Simon Adams, The Unforgiving Rope: Murder and Hanging on Australia's Western Frontier.
Maxwell-Stewart, Hamish
Simon Adams, The Unforgiving Rope: Murder and Hanging on Australia's Western Frontier, University of Western Australia Publishing, Crawley, WA, 2009. pp. xxv + 285. $32.95 paper.
There is a lot about this tale of execution in the 'Western Third' of Australia that is reminiscent of Peter Linebaugh's, The London Hanged (Verso, London, 2003). While Linebaugh's book masqueraded as an exploration of the operation of Tyburn gallows, the subtitle, 'crime and civil society in the eighteenth century', hinted at a wider agenda. In fact Linebaugh's aim was to chart the impact of the introduction of a waged economy on working-class Londoners. While the evidence he deployed was largely drawn from transcripts of capital cases, readers were left in no doubt that the title of his book was a metaphor. In Linbaugh's view, eighteenth century London hanged many more than those who swung from the fatal tree. In similar style, Adams 'unforgiving rope' turns out to embrace much more than the necks of the 154 people legally hanged in Western Australia between 1840 and 1964.
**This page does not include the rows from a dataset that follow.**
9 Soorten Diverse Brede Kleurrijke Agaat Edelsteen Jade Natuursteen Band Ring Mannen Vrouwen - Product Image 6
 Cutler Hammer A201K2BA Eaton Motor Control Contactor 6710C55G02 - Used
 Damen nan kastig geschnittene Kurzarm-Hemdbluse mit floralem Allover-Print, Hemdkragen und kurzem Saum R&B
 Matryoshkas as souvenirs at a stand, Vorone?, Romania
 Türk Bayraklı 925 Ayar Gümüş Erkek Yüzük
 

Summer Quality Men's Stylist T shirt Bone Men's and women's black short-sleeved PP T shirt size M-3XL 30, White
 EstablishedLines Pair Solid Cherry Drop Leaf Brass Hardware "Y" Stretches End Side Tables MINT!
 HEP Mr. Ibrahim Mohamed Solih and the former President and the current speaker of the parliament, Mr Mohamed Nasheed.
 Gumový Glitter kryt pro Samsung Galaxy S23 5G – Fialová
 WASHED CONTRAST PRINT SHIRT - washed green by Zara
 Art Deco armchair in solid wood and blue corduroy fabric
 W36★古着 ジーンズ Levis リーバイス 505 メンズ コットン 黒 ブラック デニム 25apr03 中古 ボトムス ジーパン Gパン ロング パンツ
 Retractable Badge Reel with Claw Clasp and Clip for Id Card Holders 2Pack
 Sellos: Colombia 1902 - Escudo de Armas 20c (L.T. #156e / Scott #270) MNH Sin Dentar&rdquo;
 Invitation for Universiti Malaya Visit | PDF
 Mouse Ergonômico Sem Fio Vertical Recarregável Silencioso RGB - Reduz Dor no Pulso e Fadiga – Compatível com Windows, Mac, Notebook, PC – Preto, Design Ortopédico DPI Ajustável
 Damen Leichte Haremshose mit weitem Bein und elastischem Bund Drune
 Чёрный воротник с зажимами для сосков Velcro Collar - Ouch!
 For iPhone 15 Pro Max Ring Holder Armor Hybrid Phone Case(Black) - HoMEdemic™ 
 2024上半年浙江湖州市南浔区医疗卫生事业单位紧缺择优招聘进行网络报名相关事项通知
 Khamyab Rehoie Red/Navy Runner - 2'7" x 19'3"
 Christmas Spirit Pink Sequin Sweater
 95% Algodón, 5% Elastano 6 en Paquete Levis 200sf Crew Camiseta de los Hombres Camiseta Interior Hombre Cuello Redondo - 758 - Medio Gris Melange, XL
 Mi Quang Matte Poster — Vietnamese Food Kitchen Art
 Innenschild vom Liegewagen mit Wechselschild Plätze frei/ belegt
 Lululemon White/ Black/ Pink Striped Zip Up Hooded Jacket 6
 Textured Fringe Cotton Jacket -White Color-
Even when it comes to the condemned, Adams is selective. The book is organised around 11 cases, one per chapter. They include Aboriginal men like, Barrabong and Doodjeep, hanged in 1840 above the remains of the hut they were said to have burned down at York having previously murdered the two occupants, Sarah Cook and her baby daughter. Or former transported convicts like Edward Bishop who threw the body of the Chinese carpenter he had killed into the Avon River. Condemned to death, he walked to the gallows through the streets of Perth while the church bells rang.
While public execution was abolished in most Australian colonies in the 1850s, it continued to be used in Perth until December 1870. In the north, where frontier relations remained problematic into the twentieth century, it had an even longer history. There, Aboriginal offenders were brutally executed in public as late as 1892. As the Australian Advertiser described one such event, 'the three little niggers were all seated in a row', before being tipped off the edge of the dray upon which they were perched each with 'a rope hitched round his neck'. In all, 61 (or 39 per cent) of the 154 men and women legally executed in Western Australia were Aboriginal. Many of the remainder were drawn from immigrant minorities. Thus, of the 17 men hanged within the walls of Fremantle prison between 1889 and 1904, not one was what the press of the time would have described as a 'Britisher'. Two were Afghan, six Chinese, one Malay, two Indian, one Greek, one French and four were described as 'Manilamen'. As Adams emphasises, justice in the west was anything but colour blind.
It is the wider colonial fears--which tightened the noose around the necks of some, while others were pardoned or never prosecuted at all--that is the real target of this book. It skilfully uses a study of execution to explore the 'double talk' of the frontier. Major themes include fear of the polluting effects of transportation, especially unnatural crime, and the problematic issue of the Irish 'Yahoo', likened in the pages of Punch to the 'Gorilla and the Negro'. Other racial anxieties that developed as the nineteenth century progressed are explored through concerns about supposed Aboriginal cannibalism or the influx of Asian indentured labour. The last neck to be stretched by Adams' rope belonged to Martha Rendall, who went to her death in 1909 having been convicted of murdering her lover's children. Her case provides an opportunity to examine gender issues. Rendell was almost certainly judicially murdered, not for the crime for which she was tried, but because of the threat that she posed to the institution of the family. The press coverage of the role she was alleged to have played in the ejection of her lover's wife from the family home undoubtedly influenced the decision not to grant her a pardon.
As Adams reminds us at the beginning of this book, crime is a construct and thus any investigation of the operation of the law offers an opportunity to get beneath the skin of a society. However, the Unforgiving Rope contains some odd omissions: there is little attempt, for example, to explore per capita execution rates or the recent literature on crime in late colonial western Australia. But these are relatively minor criticisms of an otherwise fine study of the fears that powered the Western Australian gallows.